Apparently Schmitt and Friedman didn't show the photos of the debris to DuBose when they interviewed him. Schmitt indicated that they asked DuBose if he had ever seen the real Roswell debris, and he answered with "a resounding NO!!!" Was the debris on Ramey's floor the debris from Roswell? DuBose answered "No."

But when Shandera interviewed DuBose, both by phone and in person, DuBose looked at the photos and stated that they were the debris that Marcel had brought with him from Roswell!

Remember, according to crash proponents, Marcel was supposed to have brought with him the "real" debris, and Ramey's office had then substituted the balloon debris for the press.

But if, as some have suggested, the balloon had been substituted for the "real" debris, no one has yet answered where Ramey got an ML-307 and rubber from a weather balloon that had been out in the sun for three weeks!

They weren't using ML-307s at FWAAF. They weren't using ML-307s at RAAF.

Brig. Gen. Donald Yates in a UP article dated July 8, 1947 stated that only a few of the targets "are used daily, at points where some specific project requires highly accurate wind information from extreme altitudes."

Warrant Officer Irving Newton recognized them from the Battle of Okinawa where they were used for gun laying- not from his experiences as a weatherman, since they were rarely used.

So if they were so rare and not in use in Ft.

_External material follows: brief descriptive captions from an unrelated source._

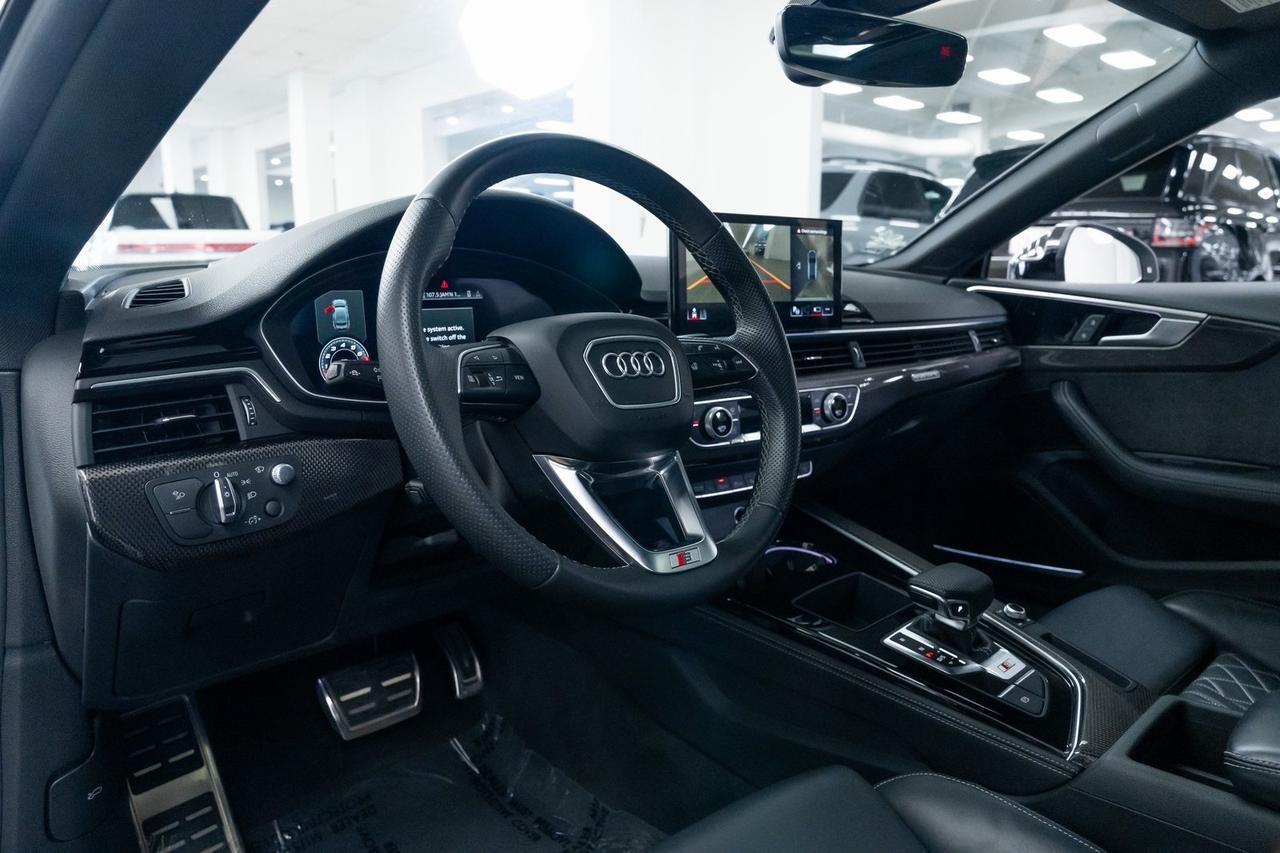 2021 Audi S5 Sportback Prestige Prestige Package Black Optic Package S Sport Packa Portland OR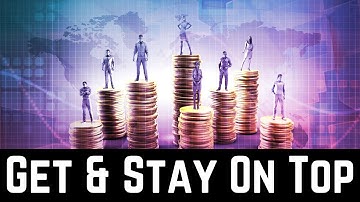 Build a Strategic Competitive Advantage (and keep it).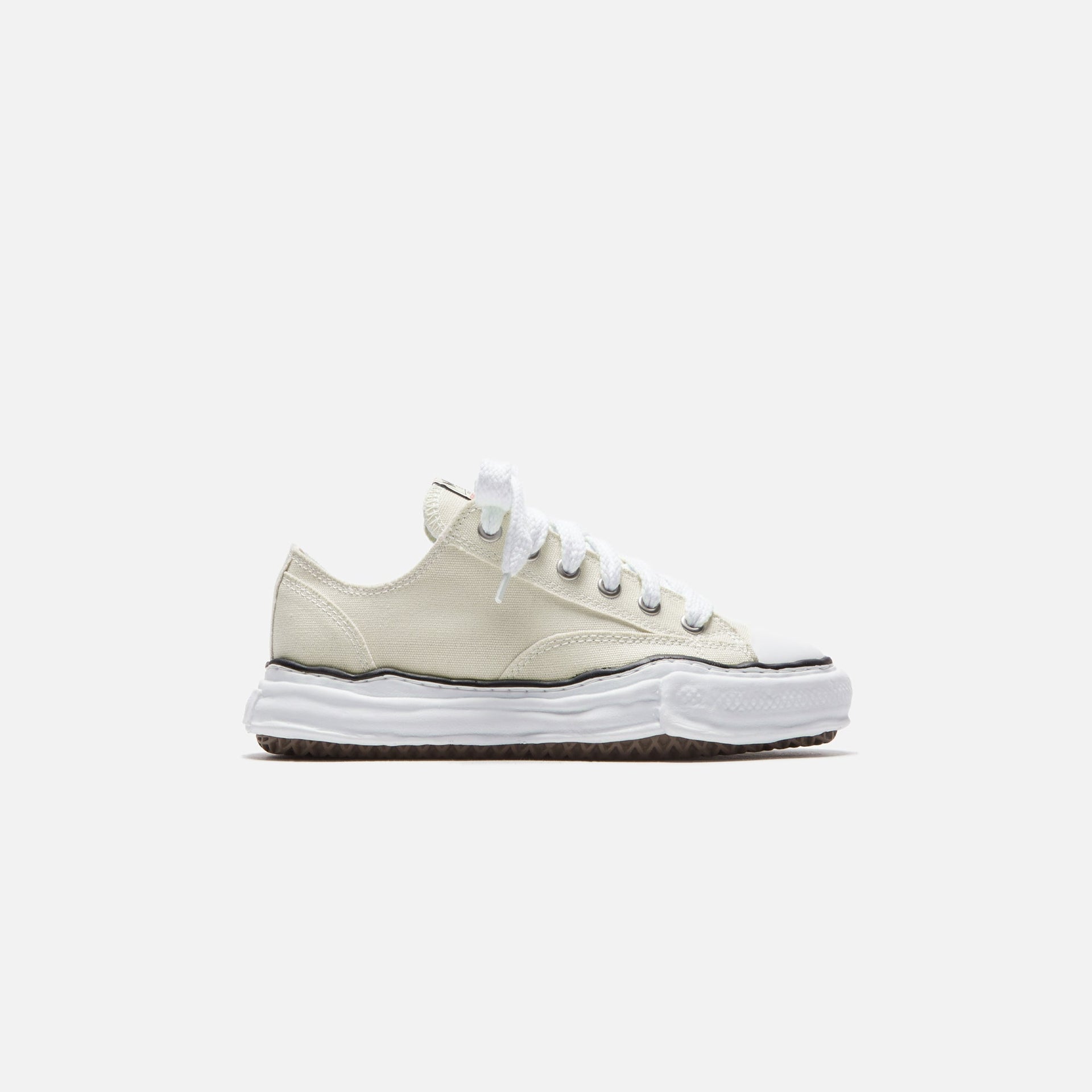 Peterson OG Sole Canvas Low Top - White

Worth and Roswell, where did "they" find parts of one that had been out in the sun for three weeks to substitute for the "real" debris?


Document history:

Version: Created/Changed by: Date: Change Description:
1.0 Patrick Gross July 21, 2003 First published.
1.1 Patrick Gross May 1, 2017. Addition of the biography by the US Air Force; the "Roswell Files" website article.
1.2 Patrick Gross May 18, 2017. Addition of the "Jaime Shandera, 1991" part.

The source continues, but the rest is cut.